Такое отношение к Природе сочетает языческую жизнерадост­ность, монотеистическую одухотворенность и широту знаний научной эры, все эти элементы претворяя в высшее единство собственным духовным опытом рождающейся религии итога.

Распространено заблуждение, будто бы всякое религиозное мировоззрение враждебно жизни, подменяя все ценности нашего мира ценностями миров иных. Такое обобщение не более закон­но, чем, например, утверждение, будто бы искусство живописи уводит от мира, сделанное на том основании, что такова была отчасти живопись средних веков. Враждебно жизни религиозное кредо определенной фазы, да и то лишь в крайних его проявле­ниях. То же мироотношение, о котором я говорю, не уводит от мира, а учит любить его горячей и бескорыстной любовью. Оно не противопоставляет «миров иных» миру сему, но все их воспри­нимает как великолепное целое, как ожерелье на груди Божества. Разве хрустальная лампада меньше нравится нам оттого, что она прозрачна? Разве мы будем меньше любить наш мир оттого, что сквозь него просвечивают другие? Для человека, чувствующего так, и эта жизнь хороша, и смерть может быть не врагом, а добрым вожатым, если достойно прожитая жизнь на земле предопределяет переход в иные, не менее, а еще более насыщен­ные, богатые и прекрасные формы миров.

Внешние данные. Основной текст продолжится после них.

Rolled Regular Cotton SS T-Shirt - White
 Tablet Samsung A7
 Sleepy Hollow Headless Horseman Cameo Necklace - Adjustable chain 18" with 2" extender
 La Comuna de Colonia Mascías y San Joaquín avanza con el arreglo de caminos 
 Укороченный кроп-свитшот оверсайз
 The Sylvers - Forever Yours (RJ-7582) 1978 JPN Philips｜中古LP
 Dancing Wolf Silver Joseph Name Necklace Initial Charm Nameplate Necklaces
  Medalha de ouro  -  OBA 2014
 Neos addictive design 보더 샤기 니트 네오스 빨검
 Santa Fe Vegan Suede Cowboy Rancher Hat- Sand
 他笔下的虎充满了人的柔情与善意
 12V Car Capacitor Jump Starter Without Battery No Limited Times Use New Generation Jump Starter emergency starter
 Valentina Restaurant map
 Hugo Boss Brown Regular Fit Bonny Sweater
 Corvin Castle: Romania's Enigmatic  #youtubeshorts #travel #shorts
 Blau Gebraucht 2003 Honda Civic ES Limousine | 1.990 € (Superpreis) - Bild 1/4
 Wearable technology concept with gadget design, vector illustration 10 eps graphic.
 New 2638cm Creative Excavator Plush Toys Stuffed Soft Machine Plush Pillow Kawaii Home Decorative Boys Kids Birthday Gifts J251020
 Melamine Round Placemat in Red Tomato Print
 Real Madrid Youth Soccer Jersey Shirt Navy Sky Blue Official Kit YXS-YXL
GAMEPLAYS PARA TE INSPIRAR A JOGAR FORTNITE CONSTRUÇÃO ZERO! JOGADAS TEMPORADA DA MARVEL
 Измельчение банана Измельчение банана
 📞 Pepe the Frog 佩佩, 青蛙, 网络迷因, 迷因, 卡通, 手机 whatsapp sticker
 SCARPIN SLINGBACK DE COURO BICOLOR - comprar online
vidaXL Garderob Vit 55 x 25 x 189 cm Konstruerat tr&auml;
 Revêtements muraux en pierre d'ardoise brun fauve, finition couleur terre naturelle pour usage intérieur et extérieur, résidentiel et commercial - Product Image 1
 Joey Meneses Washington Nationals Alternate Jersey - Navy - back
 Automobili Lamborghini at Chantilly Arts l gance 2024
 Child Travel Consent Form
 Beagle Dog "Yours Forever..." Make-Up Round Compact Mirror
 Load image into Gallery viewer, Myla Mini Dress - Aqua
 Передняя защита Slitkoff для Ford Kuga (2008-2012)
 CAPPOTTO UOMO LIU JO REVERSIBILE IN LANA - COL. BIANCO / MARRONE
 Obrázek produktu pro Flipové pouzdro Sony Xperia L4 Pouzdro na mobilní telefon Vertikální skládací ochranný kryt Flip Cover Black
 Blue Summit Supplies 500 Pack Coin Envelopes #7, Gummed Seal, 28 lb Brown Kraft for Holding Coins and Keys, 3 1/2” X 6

Но через что же, какими путями достигается человеком это сквозящее мировосприятие? Приходит ли оно независимо от наших усилий воли, как счастливый дар судьбы, или может быть нами сознательно воспитано в самих себе и в целых поколениях?

Пока объединенные усилия множества людей еще не направ­лены на такое воспитание, до тех пор радость сквозящего миро­восприятия остается действительно милостью Божией и для по­лучения ее мы почти не затрачиваем сил. Долгим трудом только наших невидимых друзей сердца, носителей Провиденциаль­ной воли, раскрываются в ком-нибудь из нас органы такого восприятия, а чаще, гораздо чаще, приоткрываются на узкую, то и дело снова притворяющуюся щель. Но и такой приоткрытости достаточно, чтобы уже началось сквожение физического мира и чтобы осчастливленный им стал похож на прозревающего слепого.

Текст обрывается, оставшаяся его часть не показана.